Below are some records; copy each line in them that contains "Logo".

------------

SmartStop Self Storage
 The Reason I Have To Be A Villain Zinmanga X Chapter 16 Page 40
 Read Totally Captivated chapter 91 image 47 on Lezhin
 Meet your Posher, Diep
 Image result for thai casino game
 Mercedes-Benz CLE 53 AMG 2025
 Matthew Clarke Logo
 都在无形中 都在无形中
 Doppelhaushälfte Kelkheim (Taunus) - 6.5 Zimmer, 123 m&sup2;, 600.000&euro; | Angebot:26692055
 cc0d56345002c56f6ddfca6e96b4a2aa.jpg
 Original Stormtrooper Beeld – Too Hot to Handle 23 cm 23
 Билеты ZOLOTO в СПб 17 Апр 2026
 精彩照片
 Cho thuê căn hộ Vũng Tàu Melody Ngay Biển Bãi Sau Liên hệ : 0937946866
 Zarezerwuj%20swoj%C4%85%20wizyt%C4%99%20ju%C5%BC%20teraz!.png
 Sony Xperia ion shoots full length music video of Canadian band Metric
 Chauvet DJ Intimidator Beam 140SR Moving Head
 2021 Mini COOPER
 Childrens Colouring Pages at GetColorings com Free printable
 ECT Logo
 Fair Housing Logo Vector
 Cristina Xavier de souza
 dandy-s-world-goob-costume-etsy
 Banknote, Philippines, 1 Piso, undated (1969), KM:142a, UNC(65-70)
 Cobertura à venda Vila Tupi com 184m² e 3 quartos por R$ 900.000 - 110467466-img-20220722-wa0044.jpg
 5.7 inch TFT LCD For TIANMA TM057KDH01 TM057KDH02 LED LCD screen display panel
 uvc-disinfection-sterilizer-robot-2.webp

------------

ANSWER FOR THIS EXERCISE:
 Matthew Clarke Logo
 ECT Logo
 Fair Housing Logo Vector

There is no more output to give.